Keewaydin was one of the early collaborative projects between the park and school boards. In the park board’s 1929 annual report it noted that the park had one of the best-equipped shelters for skating and hockey rinks due to the “well-appointed” basement rooms of the school. The doors on the lower level in this photo must have been the entrance to those rooms.
Anybody remember skating there or going to school there when it was new? Does anybody want to take a photo of present construction and email it to me? I forgot to zip over and take one Sunday when I was at Longfellow House.
David C. Smith
[…] of Keewaydin Park, especially kids’ games and […]
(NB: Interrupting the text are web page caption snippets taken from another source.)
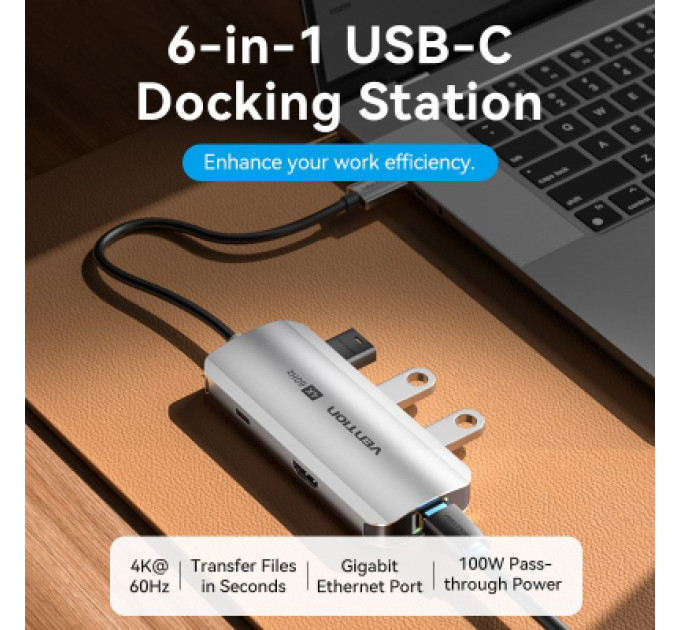 Концентратор Vention USB 3.1 Type-C to HDMI 4K60Hz/USB 3.0x3/RJ45/PD 100W 6-in-1 (TQHHB)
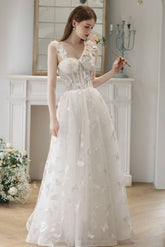 3D Flowers White Corset A-line Long Dress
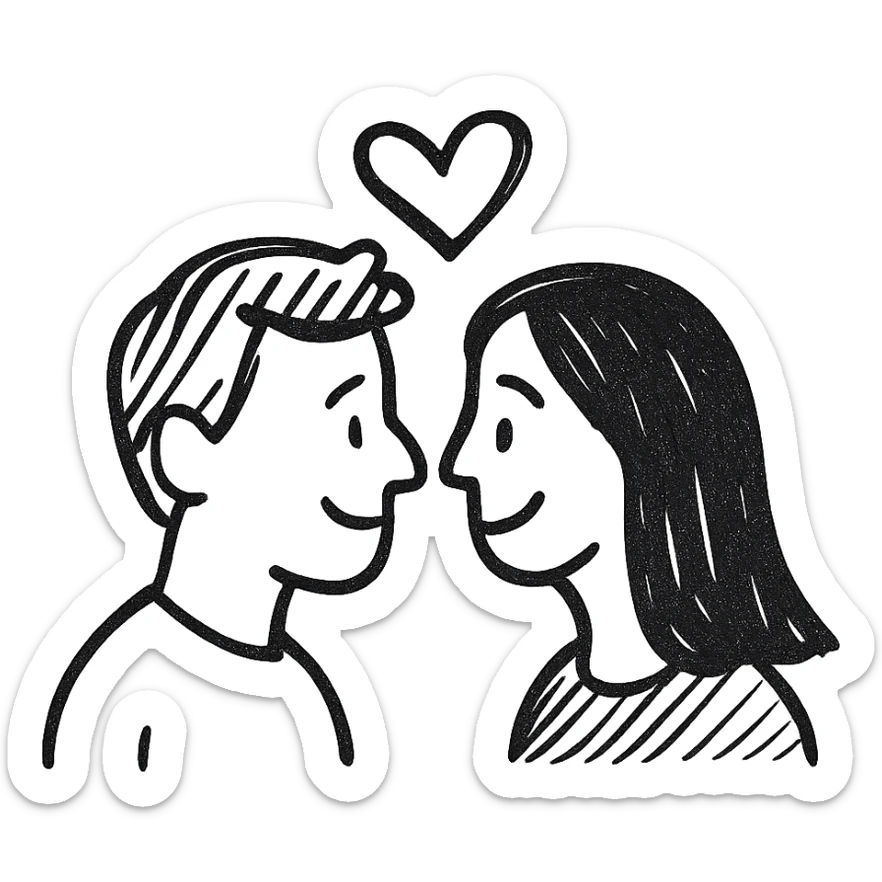 white man with brown hair and white woman with black hair, in love sticker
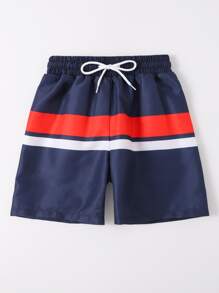 適合青少年男孩穿著的色塊抽繩腰游泳短褲 - 彩色 - 查看 1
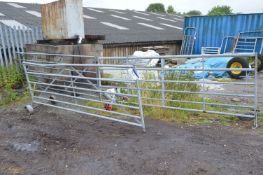 Three Galvanised Steel Gates, approx. 3.6m long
I live a half a block north of Keewaydin on 30th from 1948 to 1962. Keewaydin was my hang out year around. In the winter what was known as the “hollow” on the east side of the building was flooded to make a huge skating rink. Some days there were several hundred skaters, of all ages, out there. On the south side of the skating rink was a hockey rink. There was a wooden walkway that led from the skating rink to a room in the lower level of the school, which was referred to as the warming house. Pull Away, tag on ice, was played for hours on end on the skating rink. Those who had been tagged were called “it”. Those who were “it” were in the center of the rink and everybody else tried to skate from one side of the rink to other without getting tagged. It was great exercise and it forced you to learn how to evade those who were “it”, which improved your skating ability. In the fall the weeds on the north slope of the hollow were about 2-3 feet tall. When they dried out we pushed the weeds over to lay flat. A cardboard box was all that was need to slide down the hill on top of the flattened weeds. In the summer there was a playground supervisor who suggested things for the kids to play and he had some equipment to use. Can Can was a game that must have only been played at Keewaydin because I have not heard of it anywhere else. It had some similarities to cricket. It was played with 4 players and required 4 pins, a softball, and two bats. A set of two pins, similar to bowling pins, were set up about 10 yards apart with a small indention, called a hole, in front of the pins. Two player had bats. Each person with a bat stood in front of the pins. Their job was to keep the pins from being knocked over. At each end, behind the pins, were the other two players. These two players would throw a softball at the pins on the other end trying to knock over the pins. If the ball hit a pin and the batters bat was out of the hole it was called one or two outs depending on how many pins were knocked over. If the batter hit the ball being thrown at the pins the two with the bats would run from one end to the other scoring one point each time they touched the hole at the other end. When there were three outs the players would change positions. Batters would become throwers. The game was played until the agreed upon score was reached. Some games took over an hours to play.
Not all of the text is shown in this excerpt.